The petition after the preliminary averments alleges at much length and in detail, injuries done to virtually all of the members, organs, and parts of plaintiff's body and the structures and tissues thereof, and to the circulatory, muscular and nervous systems and alleges that such injuries are permanent. The answer was a general denial, with an admission that defendant was engaged in operating a railroad in Missouri, "And that on the 13th day of April, 1921, plaintiff Lucille Rainier was a passenger on one of defendant's trains which was derailed at a pant near Edina, Mo., and if she received any injuries at said time, defendant is willing to compensate her." The opening statements of counsel were taken and are incorporated in the bill of exceptions and counsel for defendant opened his statement to the jury by saying:

"Gentlemen, as you have heard in the answer, the defendant in this case is perfectly willing to compensate this young woman for any injuries she received."

The defendant assigns error in several particulars.

I. It is insisted that error was committed in admitting testimony regarding complaints made by plaintiff. This has reference to certain evidence by plaintiff's mother as to plaintiff's condition when she reached home, and to testimony of Dr. Wilsey who examined her very soon thereafter. Plaintiff's mother testified to finding cuts and bruises upon plaintiff's left arm, knee, and ankle, and a bruise upon her head and upon her back. The following question was asked and answer given:

"Q. Go ahead and tell what else you see about her, if you think of anything else. A. Well; we put her to bed, and she complained of her back."

Defendant asked that this be stricken out as hearsay and a self-serving statement. Similarly, in the testimony of Dr. Wilsey as to what he observed when he examined the plaintiff perhaps an hour later. He testified: "She was complaining very much"— The witness being interrupted, and objection being made, the court instructed the witness not to give any conversation, but that he might state the fact that the plaintiff complained. The witness then stated that she complained of her back, her head, arm, back, knee and ankle and in that connection testified as to cut, and bruises found by him upon the parts mentioned. Defendant assigns error upon this as being hearsay. There is no merit in the contention. No conversation or statement of plaintiff was given. No authority is cited by defendant, There was nothing more than the statement that as a fact she "complained," while her mother and the doctor were engaged, respectively, in examination and observation of the cuts and bruises on the parts of which complaint was made. The plaintiff herself had testified that her back hurt her at that time. The trial court did not err in its action under the circumstances. Lindsay v. Kansas City, 195 Mo. loc. cit. 180, 93 S. W. 273; Squires v. Chillicothe, 89 Mo. 226, 1 S. W. 23; 1 Greenleaf on Evidence, section 102.

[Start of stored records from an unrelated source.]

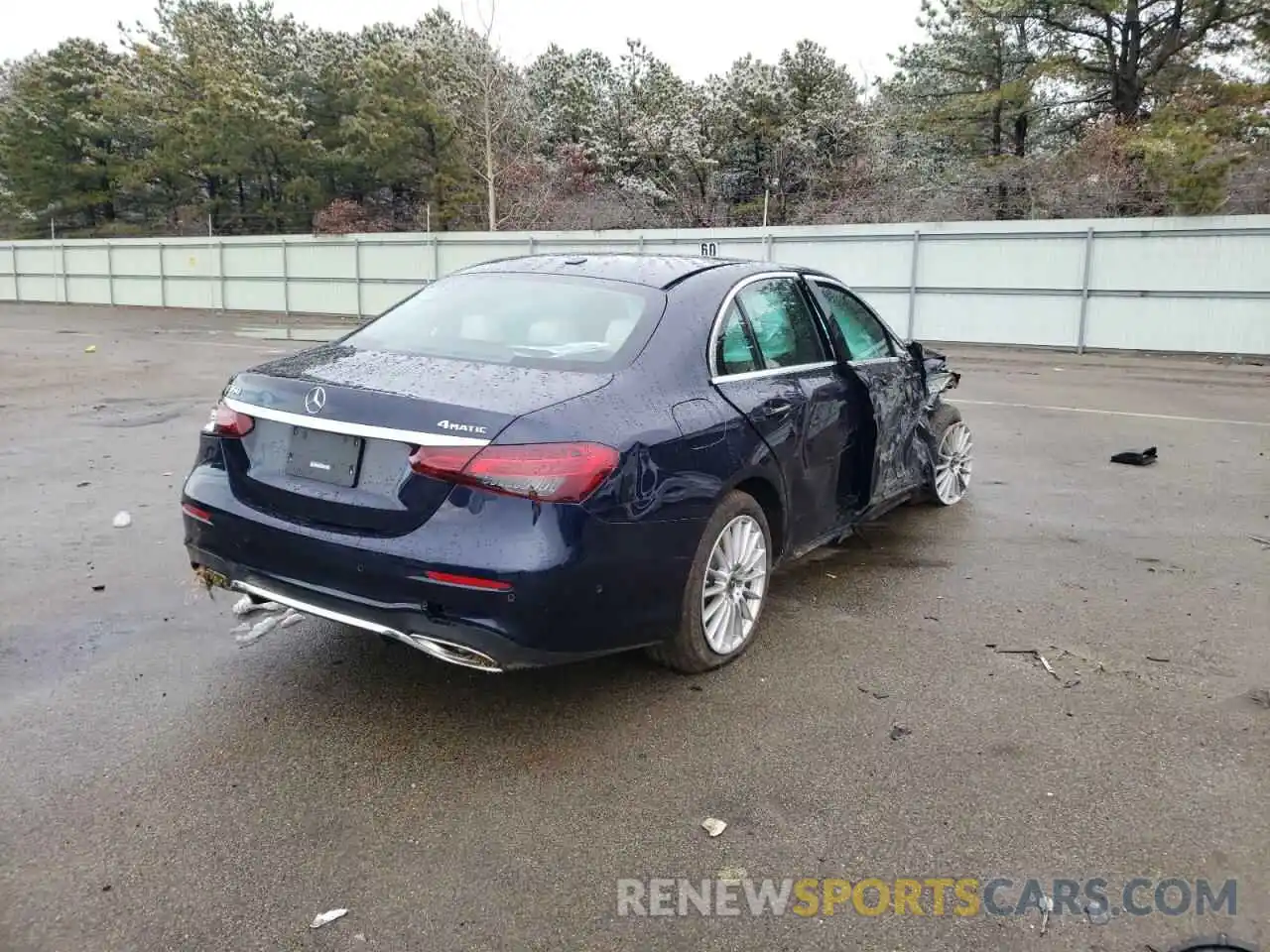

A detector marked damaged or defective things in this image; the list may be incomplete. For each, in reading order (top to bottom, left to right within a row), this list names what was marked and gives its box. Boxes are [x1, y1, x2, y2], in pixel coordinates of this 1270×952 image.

damaged sedan rear [182, 250, 969, 674]
damaged body panel [182, 250, 969, 674]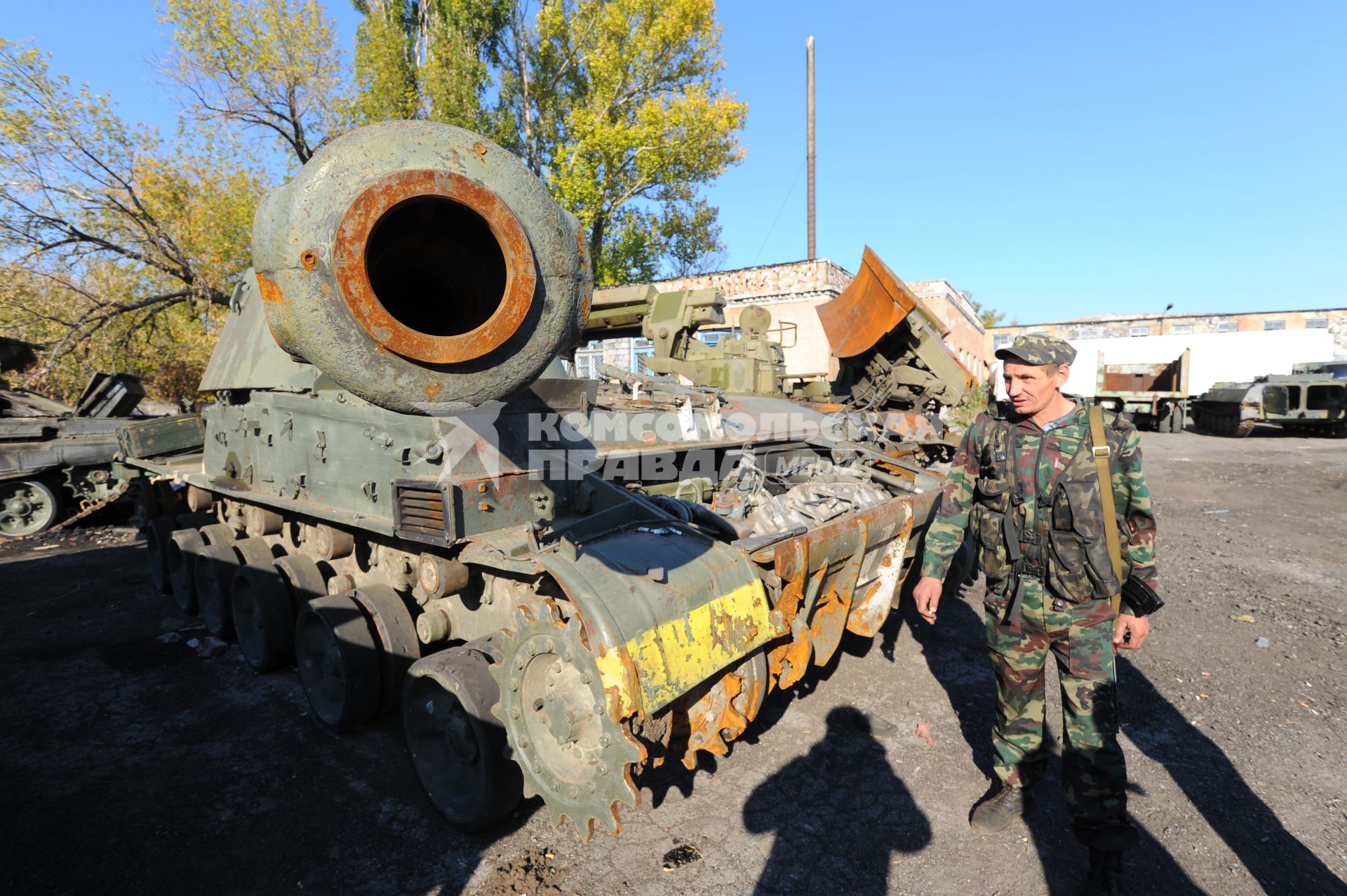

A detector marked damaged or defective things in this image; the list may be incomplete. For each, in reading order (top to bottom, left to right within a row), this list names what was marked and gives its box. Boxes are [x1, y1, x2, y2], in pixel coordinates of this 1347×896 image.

rust patch on metal [254, 269, 284, 304]
rust patch on metal [328, 168, 533, 363]
rusty barrel interior [366, 194, 506, 337]
orange rusty dozer blade [819, 246, 937, 358]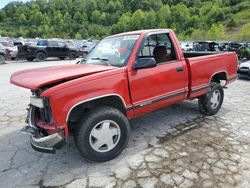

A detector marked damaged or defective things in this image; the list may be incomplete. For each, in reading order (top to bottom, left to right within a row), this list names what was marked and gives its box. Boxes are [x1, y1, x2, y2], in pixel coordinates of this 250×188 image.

damaged front end [21, 93, 65, 153]
crushed front bumper [21, 105, 65, 153]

II. Error is assigned in that the court refused to strike out the statement of plaintiff's mother that on the occasion referred to in the foregoing paragraph plaintiff "had no use" of her left arm. The witness was describing the various injuries found by her. The following question and answer appear:

"Q. Go ahead. A. And she was covered with blood. Her face was bloody, her hands. She had no use of this arm."

The court, having denied the motion to strike out the last statement as a conclusion, the following was given:

"Q. What was the condition of her left arm as you noticed it, Mrs. Rainier? As you saw it? A. Well, I thought at first it was broken. It was sprained, and seemed to be kind of twisted, and then there were places kind of like something had hit her, kind of black places."

The plaintiff's arm was not broken. None of her bones was broken. Her case did not proceed upon the theory of a specific permanent injury to the left arm, but rather of injuries to internal organs and to the nervous system in general, as the permanent effects. The statement made, and not stricken out, was in some measure a conclusion of the ` witness, but was also in a sense descriptive of the want of motion or activity in the left arm at that time, given as an impression formed at that time by the witness in making a nonexpert examination soon after the occurrence of the injuries. Under these circumstances, the trial court should not be convicted of error in permitting the statement to stand. Elliott v. Metro. St. Ry. Co., 157 Mo. App. 517, 138 S. W. 663; Osborne v. Wells (Mo. App.) 211 S. W. 887.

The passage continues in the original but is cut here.